What the exercise asks:
In the listing below, locate the line with "split level home" and the line with "kitchen with visible", then output both and everything between them exactly, minus any pictures.
Segment Start: Extracted entries
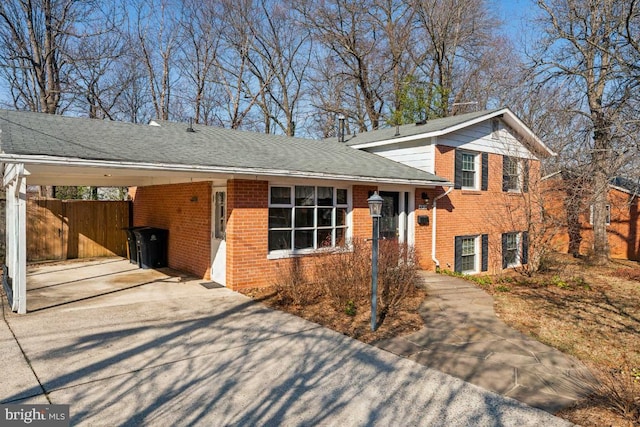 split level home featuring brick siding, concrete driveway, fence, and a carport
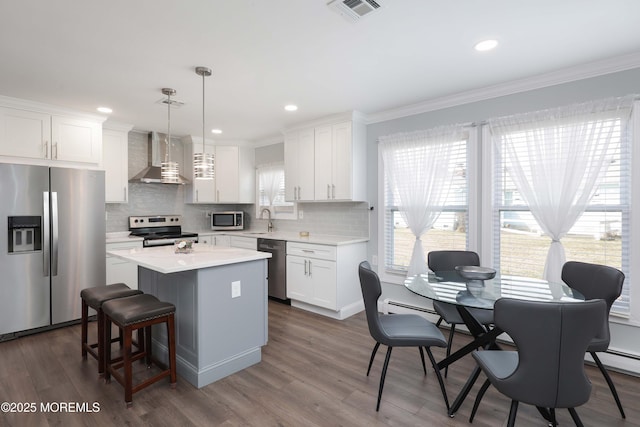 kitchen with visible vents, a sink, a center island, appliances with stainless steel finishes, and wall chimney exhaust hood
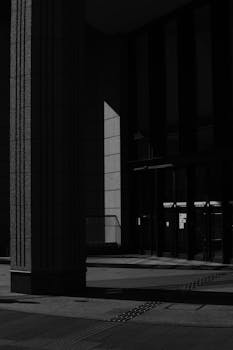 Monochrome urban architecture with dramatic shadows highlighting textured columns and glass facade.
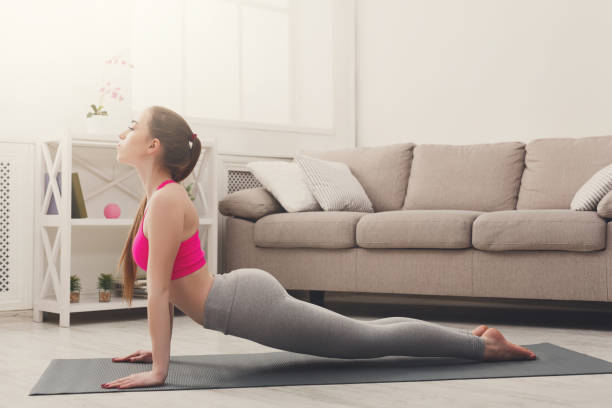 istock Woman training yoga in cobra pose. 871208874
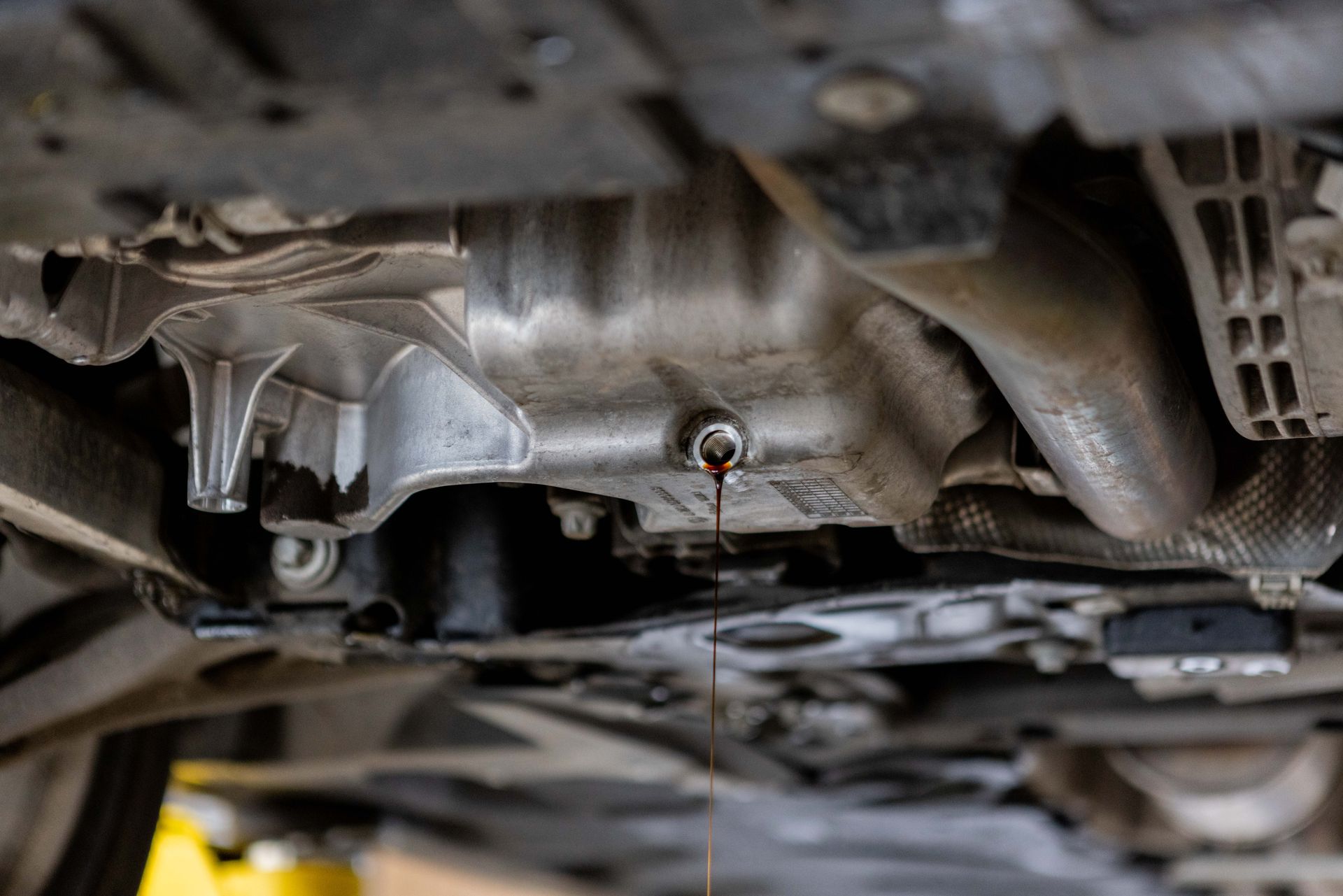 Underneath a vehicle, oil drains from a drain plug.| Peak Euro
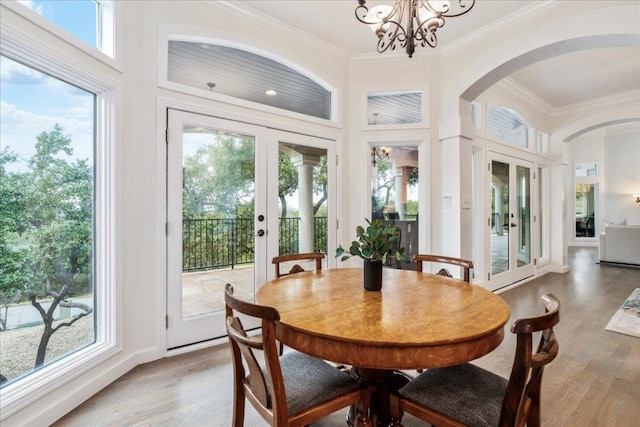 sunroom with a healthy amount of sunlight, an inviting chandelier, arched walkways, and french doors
Segment End: Extracted entries
Segment Start: Extracted entries
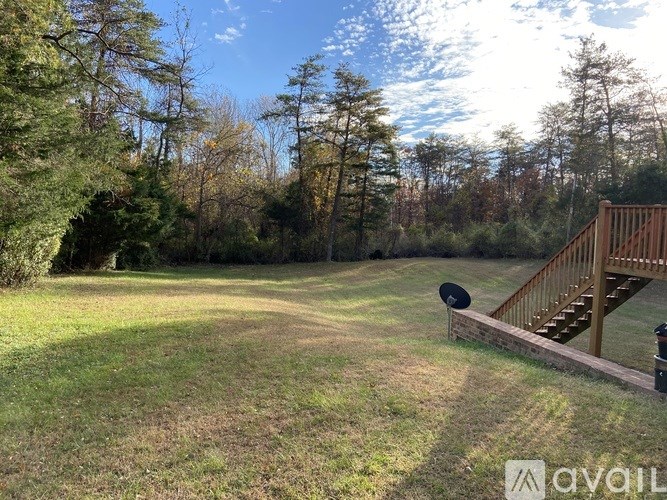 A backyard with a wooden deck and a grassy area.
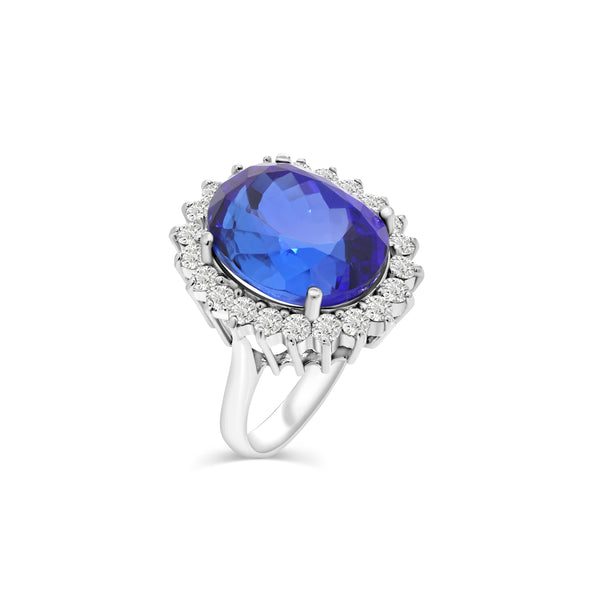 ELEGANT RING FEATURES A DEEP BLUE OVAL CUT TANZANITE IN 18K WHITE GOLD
Segment End: Extracted entries
Answer to the problem:
 split level home featuring brick siding, concrete driveway, fence, and a carport
 kitchen with visible vents, a sink, a center island, appliances with stainless steel finishes, and wall chimney exhaust hood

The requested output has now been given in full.